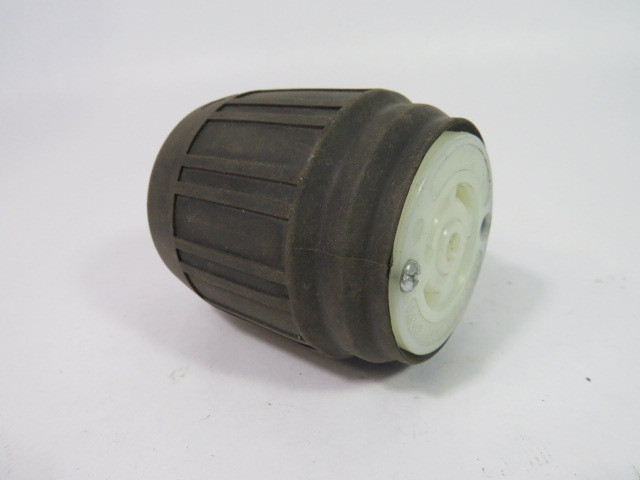 Hubbell 2773 Insulgrip Twist-Lock Connector 30A 247/600V USED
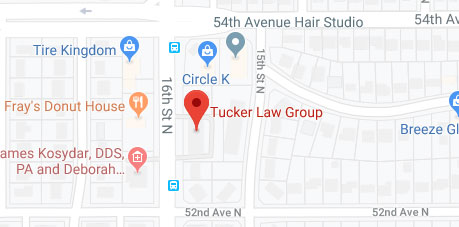 St. Petersburg Office Headquarters Map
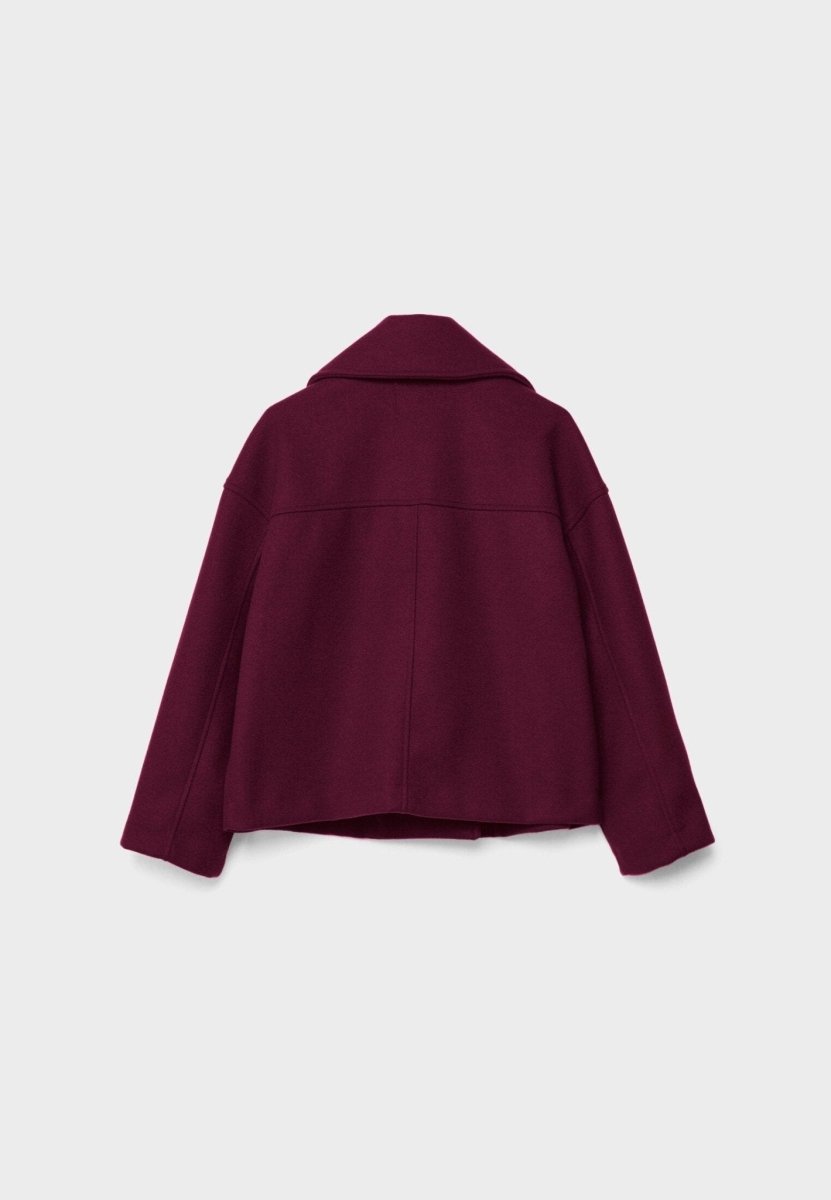 HARPER | Short jacket with double-breasted front - Liora Melbourne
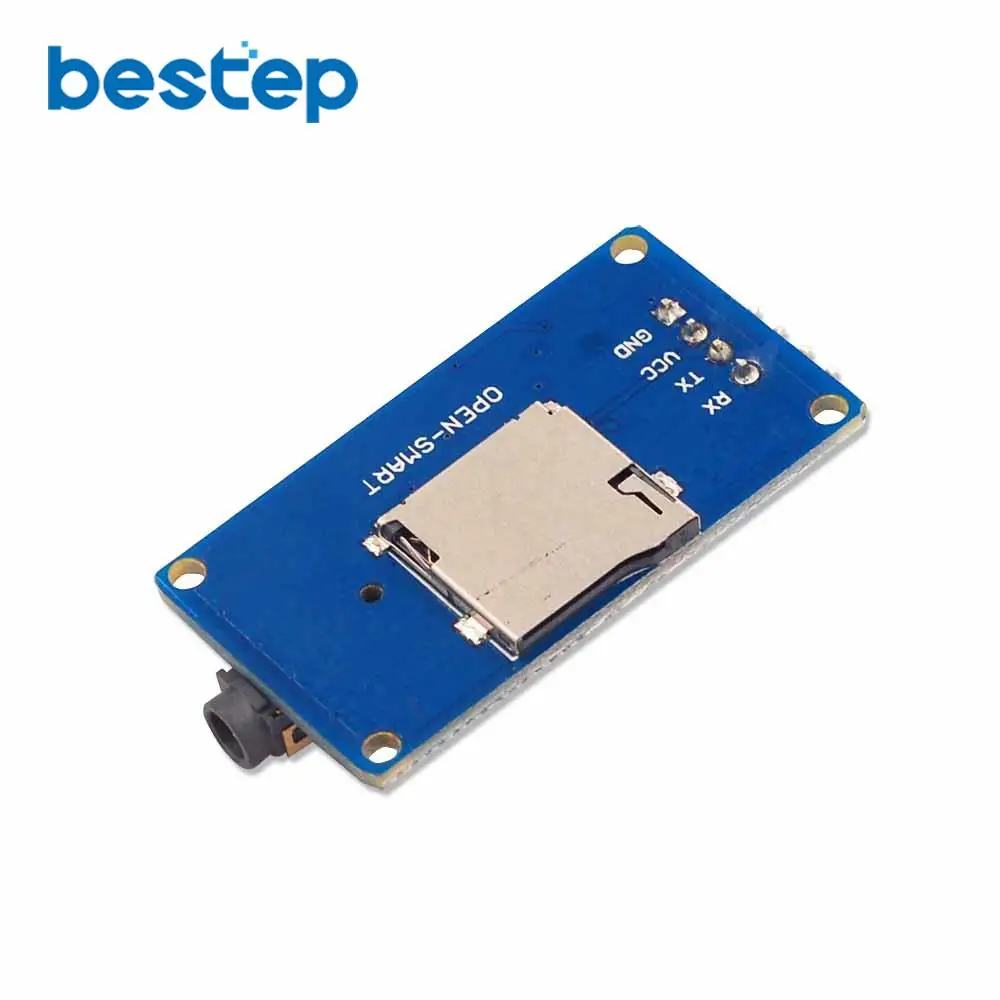 YX5300 UART TTL серийный модуль управления MP3 плеером Поддержка MP3/WAV Micro SD/SDHC карты для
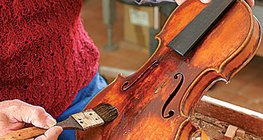 Изработване на цигулка - 3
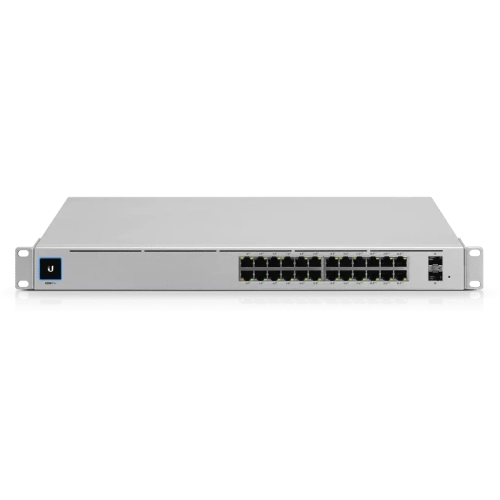 Коммутатор Ubiquiti UniFi Switch Pro 24 PoE (USW-PRO-24-POE-EU)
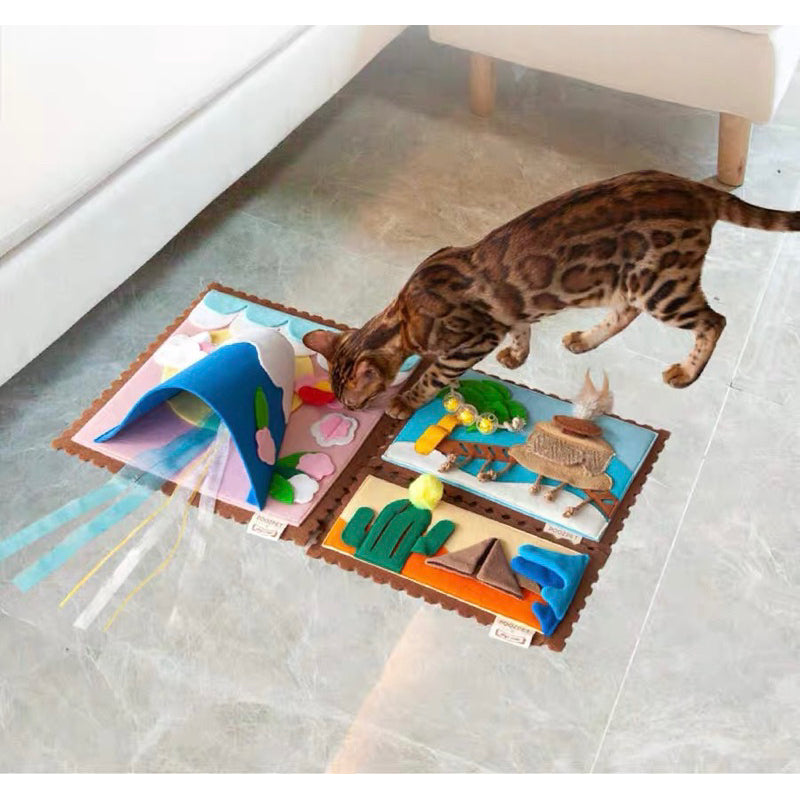 Poozpet Mt Fuji Snuffle Mat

__TASK PROMPT__: Set down the material once more, exactly, with the pictures omitted.

__SOLUTION FOR THIS EXERCISE__:
 Hubbell 2773 Insulgrip Twist-Lock Connector 30A 247/600V USED
 St. Petersburg Office Headquarters Map
 HARPER | Short jacket with double-breasted front - Liora Melbourne
 YX5300 UART TTL серийный модуль управления MP3 плеером Поддержка MP3/WAV Micro SD/SDHC карты для
 Изработване на цигулка - 3
 Коммутатор Ubiquiti UniFi Switch Pro 24 PoE (USW-PRO-24-POE-EU)
 Poozpet Mt Fuji Snuffle Mat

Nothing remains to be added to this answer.